Whether you realize it or not one of the biggest threats to your personal security is your computer. And the Obama administration is bringing to light the fact that they believe, and you should too, that one of the biggest security threats to national security is also your computer.

The message is “Think before you click. Know who’s on the other side of that instant message. What you say or do in cyberspace stays in cyberspace — for many to see, steal and use against you or your government.”

The Internet, and the power it has in contrast to the security it doesn’t, is incredible. We have never seen something so powerful bring people together, educating, informing and making life easier but it’s also used to hurt, scam and debilitate in so many ways.

As reported in the Associated Press, the Pentagon’s computer systems are probed 360 million times a day, and one prominent power company has acknowledged that its networks see up to 70,000 scans a day.

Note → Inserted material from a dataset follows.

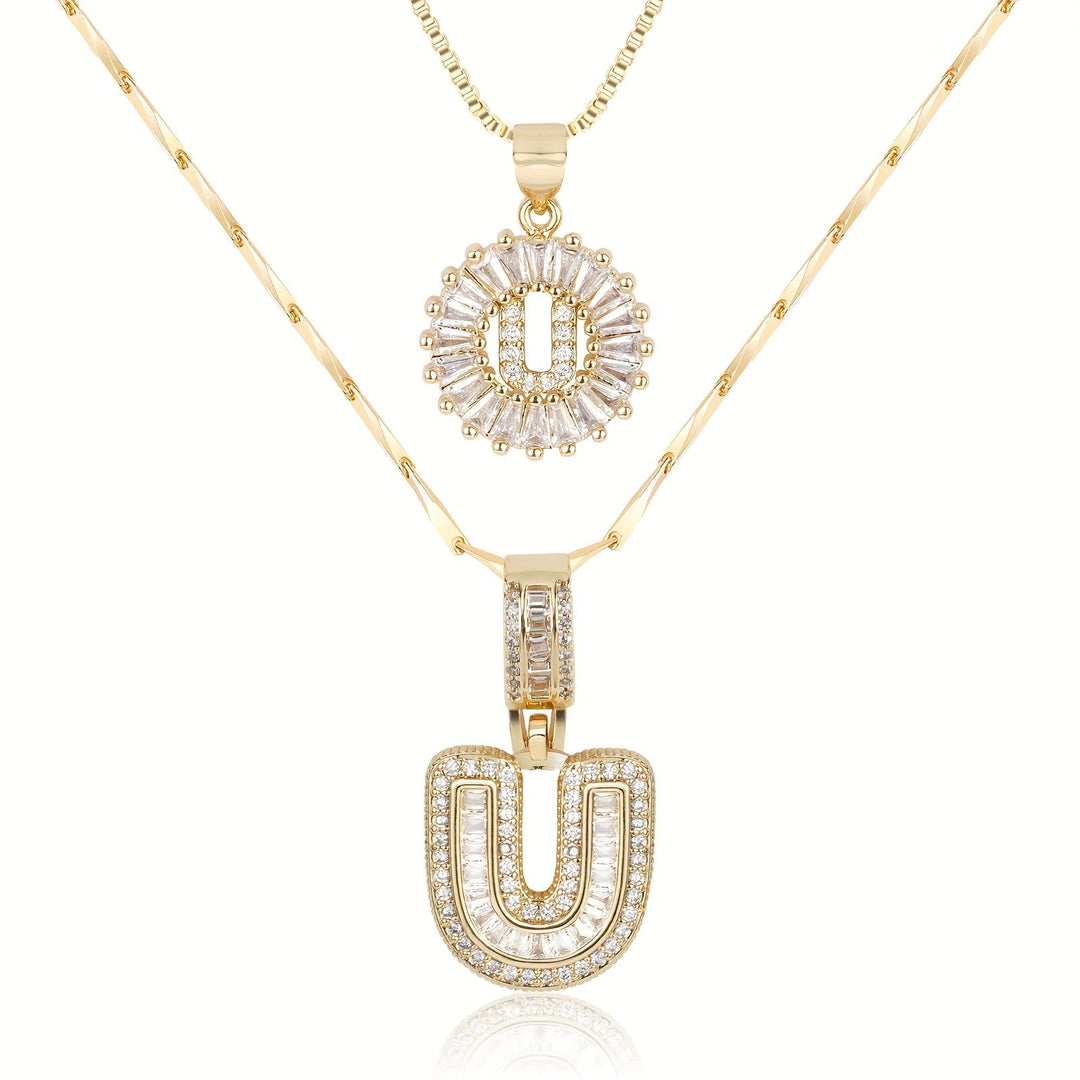 Primrose | Collares Iniciales de Letra con Diamantes (2 piezas)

Utilities, banks, retailers and just about every computer network are faced with attacks each day. Many of these hacks are insignificant. However many are with intent to commit crimes such as espionage, stealing financial data or destroying information.

The criminal hackers could be cyber terrorists trying to destroy the U.S. or its economy, malfeasance simply trying to wreak havoc for the sake of it, or opportunists looking to make a profit.

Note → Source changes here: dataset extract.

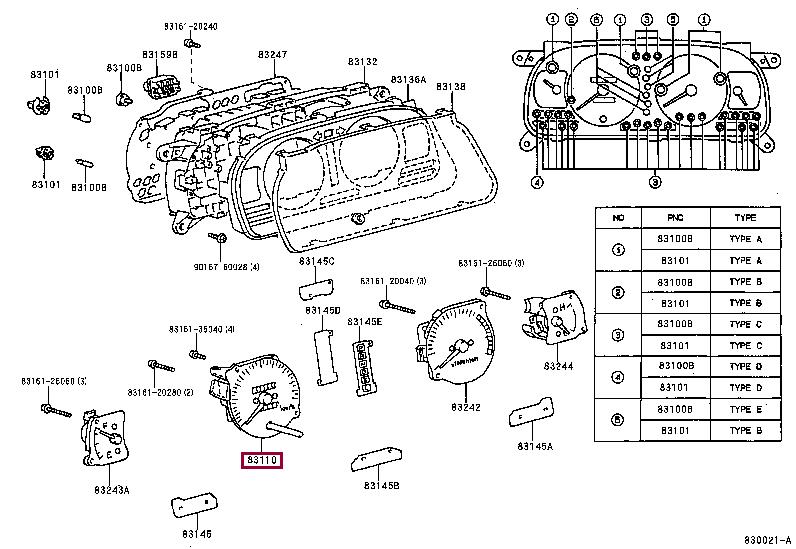 8322060660 Toyota Speedometer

The US is a prime target for many reasons. The most obvious is we’ve made mistakes that have many in the world hating us. Then there is our financial system that’s wide open and lends credit to anyone with a Social Security number instantly checking and approving credit. And of course credit card security is an oxymoron because anyone any time can use anyone’s credit card present or non present. We have a bull’s-eye on us and we put it there.

A growing concern is “Weapons of Mass Disruption”. The US and many other countries are electrically/digitally dependent. Our critical infrastructures including drinking water, sewer systems, phone lines, banks, air traffic, and government systems, all depend on the electric grid. No electricity, no computers, no gasoline, no refrigeration, no clean water. After a major successful attack we’d be back to the dark ages instantly. Think about when the power goes out in your house for a few hours. We’re stymied.

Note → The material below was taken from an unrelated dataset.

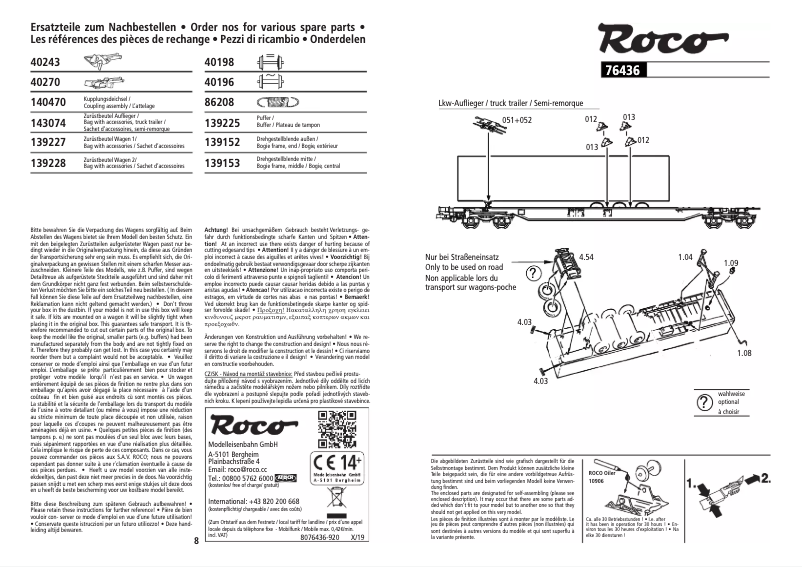 Page n°1 - Manuel utilisateur Roco 76436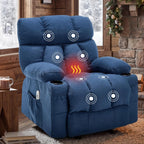 Massage Rocker Recliner Chair for Living Room, Vibration Massage Heat,Blue | USB Charge Port, 4 Pockets, 2 Cup Holders, Ergonomic Comfy Recliners, Sofa Chair, Reading & Bedroom Chair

The Pentagon and the Department of Homeland Security, are hiring thousands of computer experts to protect our networks. But the weakest link in the chain is not the government, but the citizens. Government has lots of work to do, but moms and pops are the most vulnerable. Enterprise networks have become hardened, while small business and the lowly consumer know enough about information security to get hacked. Awareness is key. You are either part of the problem or the solution.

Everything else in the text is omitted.